Start of Block

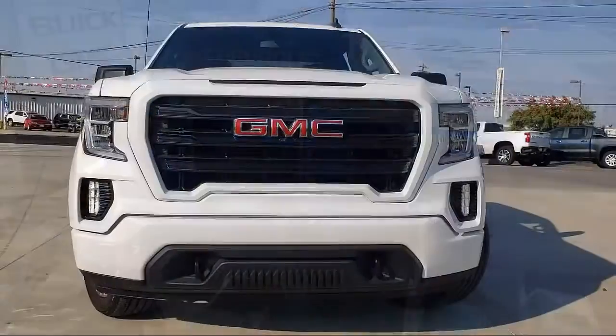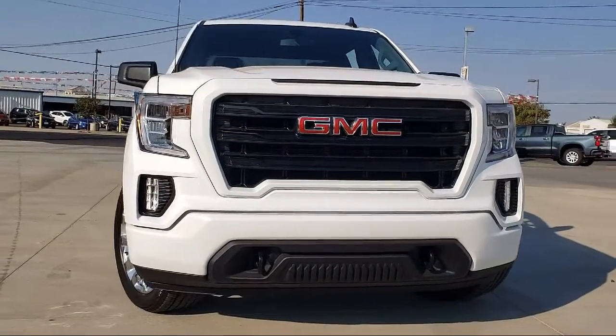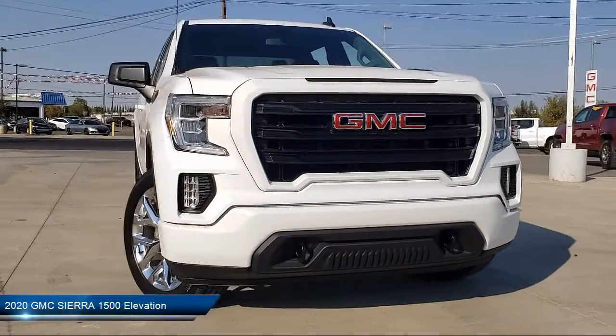Welcome to Thompson Chevrolet, and here's a look at one of our new Chevys from our great selection of cars, trucks, and SUVs.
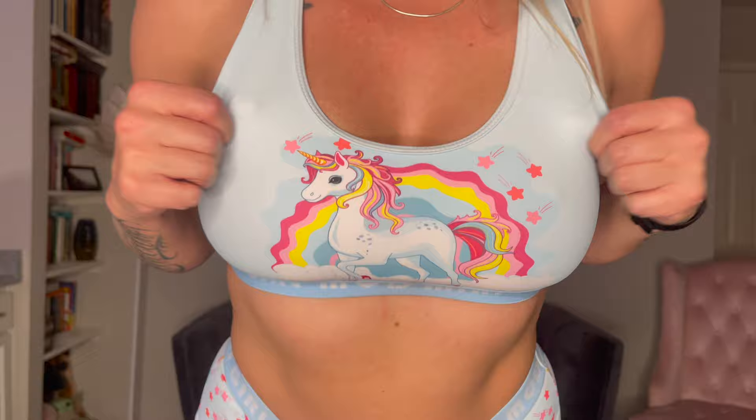So yeah, plenty of stretch like I said, really comfortable, super fun pattern. I think I got a large but I'll link it down below. Let's get on to the next two.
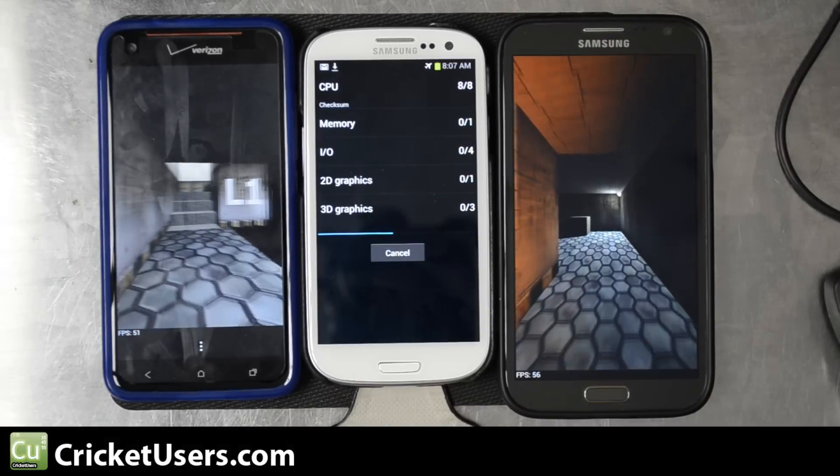For more information on these devices, Cricket Wireless, and more, please like this video, subscribe to my YouTube channel, and visit my forum at CricketUsers.com. Thank you.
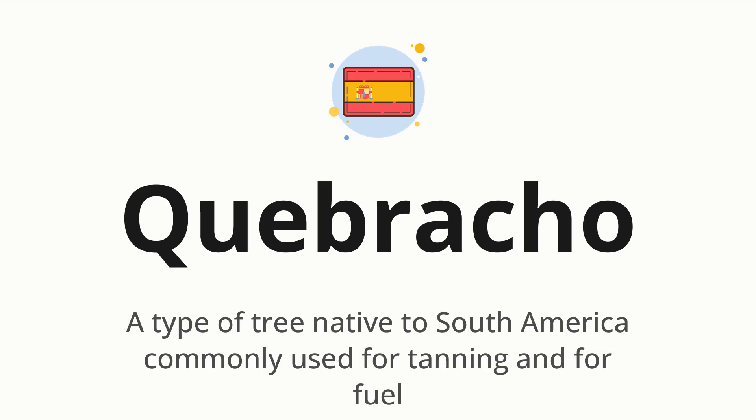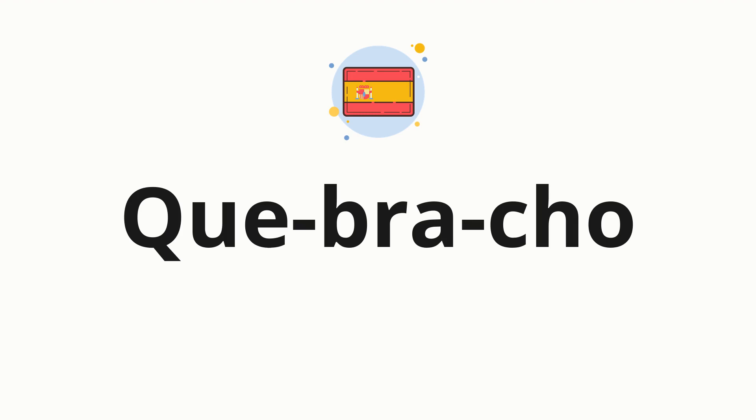Let's say it all together: quebracho. One more time: quebracho. Now let's split the word into syllables and then pronounce each syllable one by one. Quebracho.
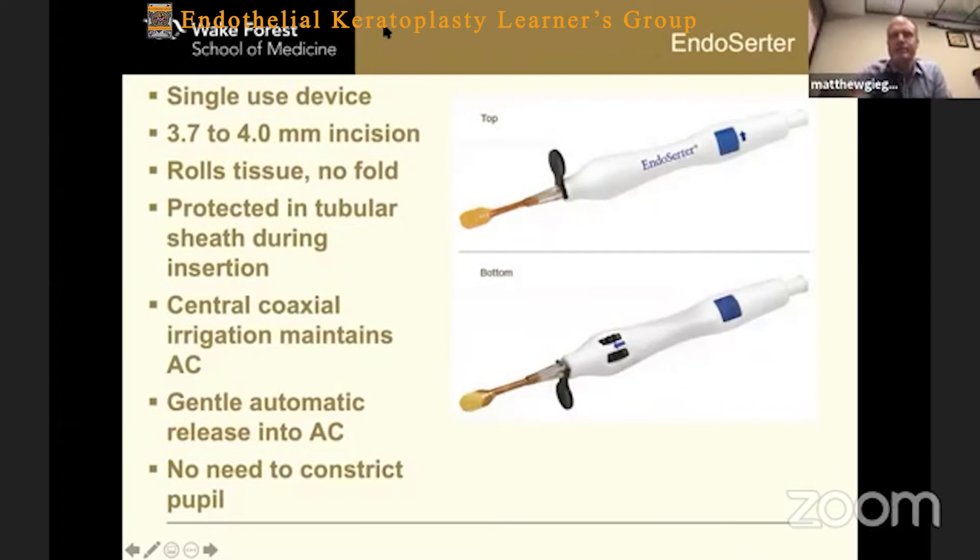Here's a picture of it over here on the right — a top view and a bottom view. The biggest minus, of course, is that it's a single-use device and it's expensive. I think really that's the only minus of it. If it were cheap and you could use it more than once, probably everybody would be using it for everything, but it goes through a relatively small clear corneal incision.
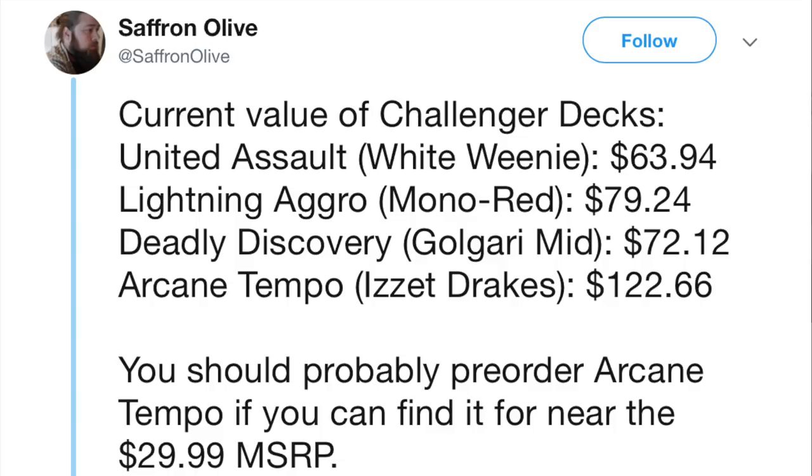Hey guys, the new challenger decks are out and it might be an opportunity — one of them is really good. It is the Arcane Temple deck, and the cards in it can actually be played in Modern. A large chunk of the cards is the land base, and then there's Arc Light Phoenix, which is one of the most dominant Modern decks at this time.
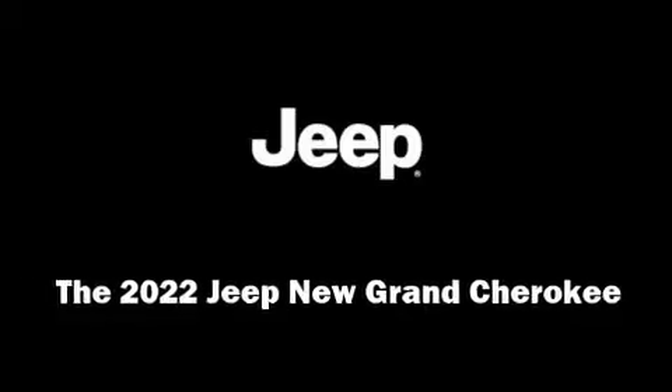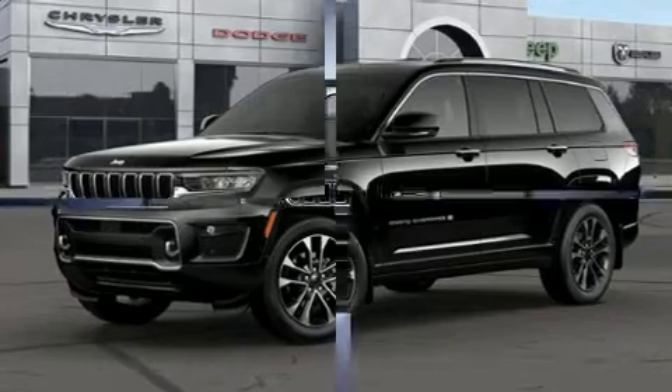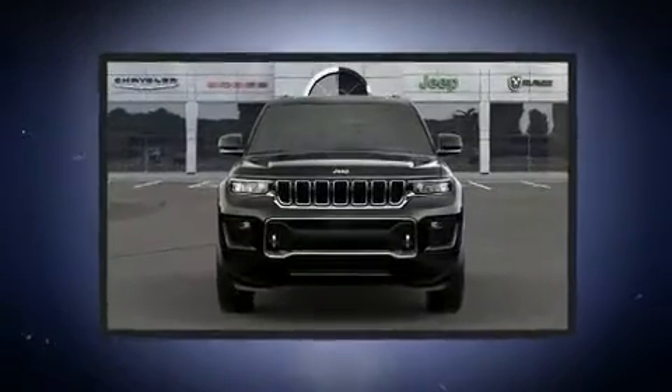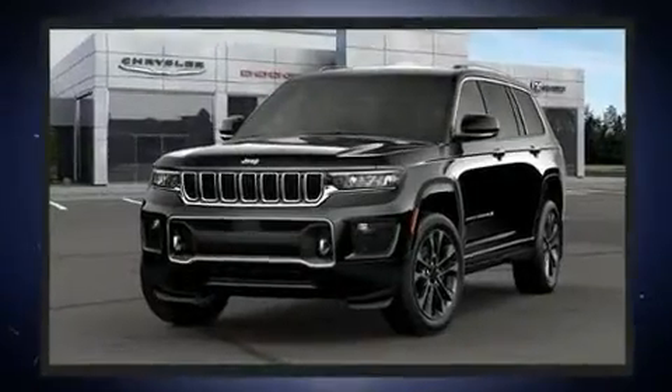Top features include rain-sensing wipers, adjustable headrests in all seating positions, a leather steering wheel, front and rear air conditioning, turn signal indicator mirrors, a power rear cargo door, and a split folding rear seat.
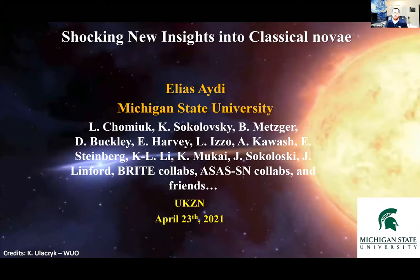Thank you very much for the introduction and for having me here today. It's always good to be back in South Africa, even though virtually. I definitely miss the country and it has a lot in my heart. So today I'll be telling you about shocking new insights into classical novae.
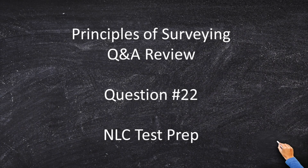Principles and Practice of Surveying Q&A review, question 22. This is a simple question but it has a lesson which every surveyor should know, and a lesson which is heavily tested on the PS exam. So let's jump into it.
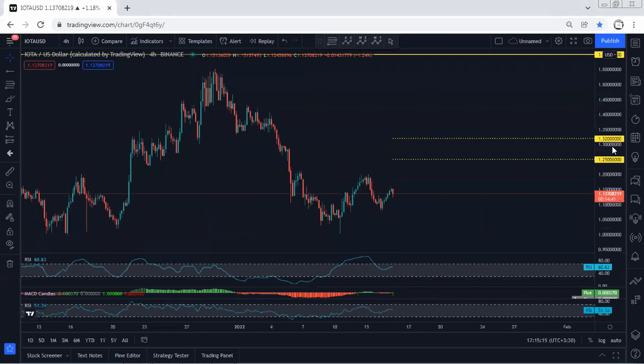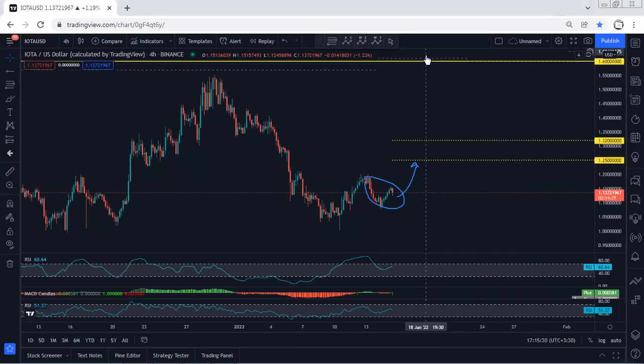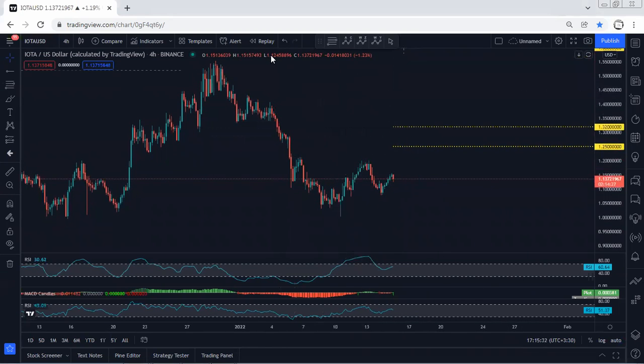If we move to the lower time frame — the 4-hour chart — we don't see any clear trade setup. However, if we get any buy opportunity from this correction as a short-term trade, we can look for 1.25 up to 1.32. As mentioned, we're looking for the breakout of 1.6. The best thing would be if this area turned flat, as that would give us better confirmation to look for a buy.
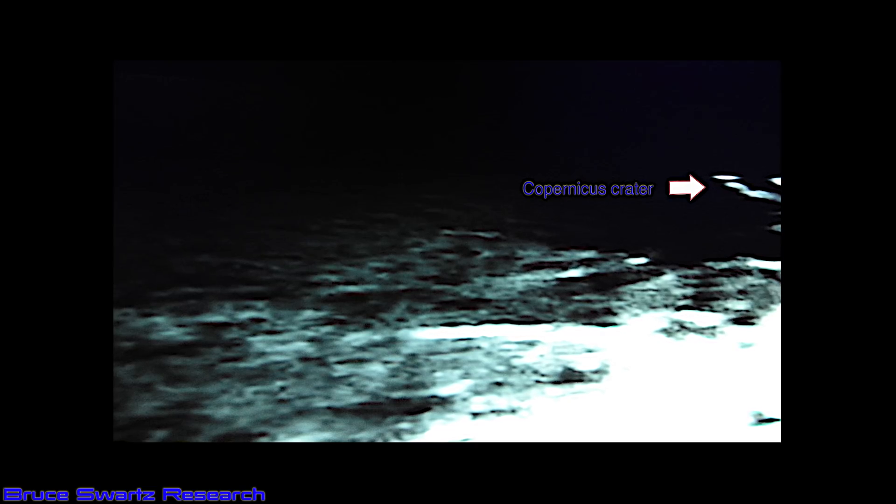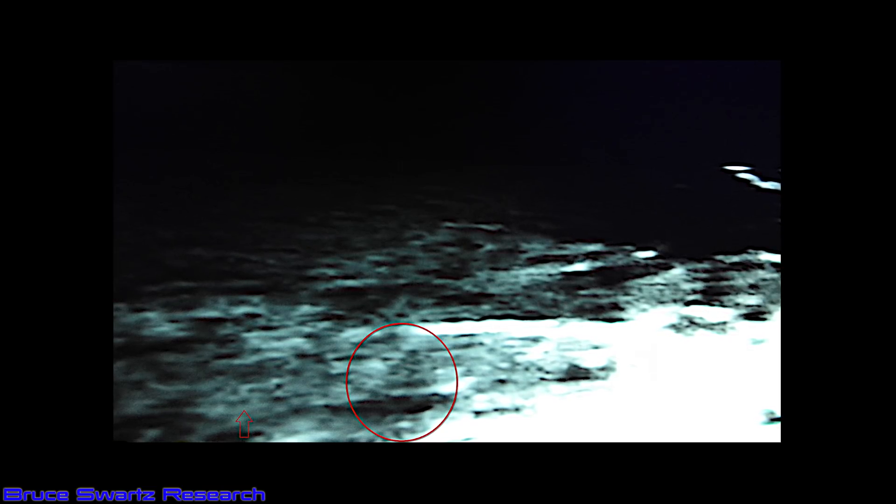Copernicus Crater — I've showed you this area before, twice actually. I'm infatuated with it. I was working on it this evening, looking at exactly what we are seeing right there in the circle and the S shape to the left. They are constructed objects on the surface — different levels, looks like even a mining pit or something at times. I'm showing you straight up what we're looking at. There's no two ways about it. 90 degree angles.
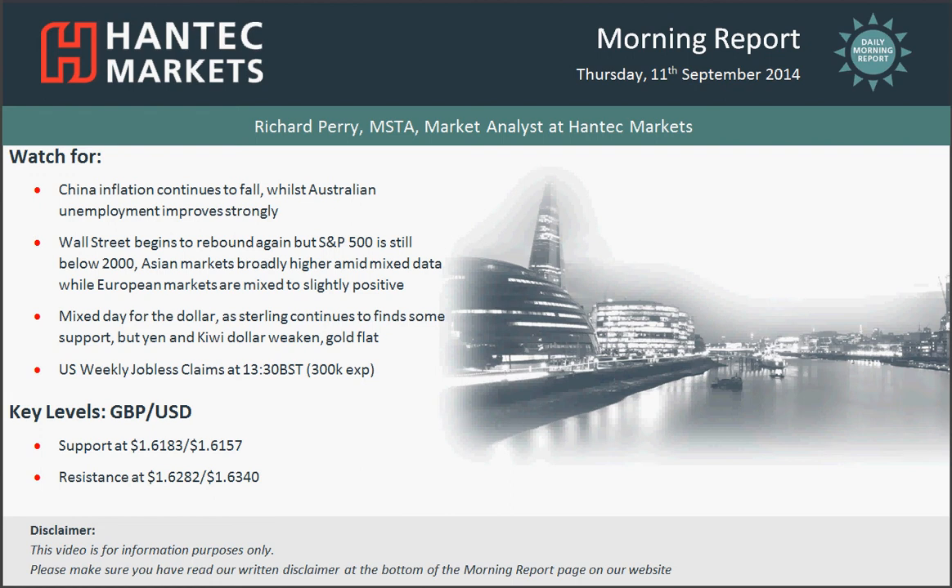Hi and welcome back to today's more important chart appraisals for Thursday the 11th of September, with me Richard Perry, Market Analyst at Hantec Markets.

End of Block

Exercise instructions. Repeat the listing above up to and including the line with "Principles and Practice", starting from its first line. Drop any pictures.

Solution.
Welcome to Thompson Chevrolet, and here's a look at one of our new Chevys from our great selection of cars, trucks, and SUVs.
So yeah, plenty of stretch like I said, really comfortable, super fun pattern. I think I got a large but I'll link it down below. Let's get on to the next two.
For more information on these devices, Cricket Wireless, and more, please like this video, subscribe to my YouTube channel, and visit my forum at CricketUsers.com. Thank you.
Let's say it all together: quebracho. One more time: quebracho. Now let's split the word into syllables and then pronounce each syllable one by one. Quebracho.
Here's a picture of it over here on the right — a top view and a bottom view. The biggest minus, of course, is that it's a single-use device and it's expensive. I think really that's the only minus of it. If it were cheap and you could use it more than once, probably everybody would be using it for everything, but it goes through a relatively small clear corneal incision.
Hey guys, the new challenger decks are out and it might be an opportunity — one of them is really good. It is the Arcane Temple deck, and the cards in it can actually be played in Modern. A large chunk of the cards is the land base, and then there's Arc Light Phoenix, which is one of the most dominant Modern decks at this time.
Top features include rain-sensing wipers, adjustable headrests in all seating positions, a leather steering wheel, front and rear air conditioning, turn signal indicator mirrors, a power rear cargo door, and a split folding rear seat.
Thank you very much for the introduction and for having me here today. It's always good to be back in South Africa, even though virtually. I definitely miss the country and it has a lot in my heart. So today I'll be telling you about shocking new insights into classical novae.
Principles and Practice of Surveying Q&A review, question 22. This is a simple question but it has a lesson which every surveyor should know, and a lesson which is heavily tested on the PS exam. So let's jump into it.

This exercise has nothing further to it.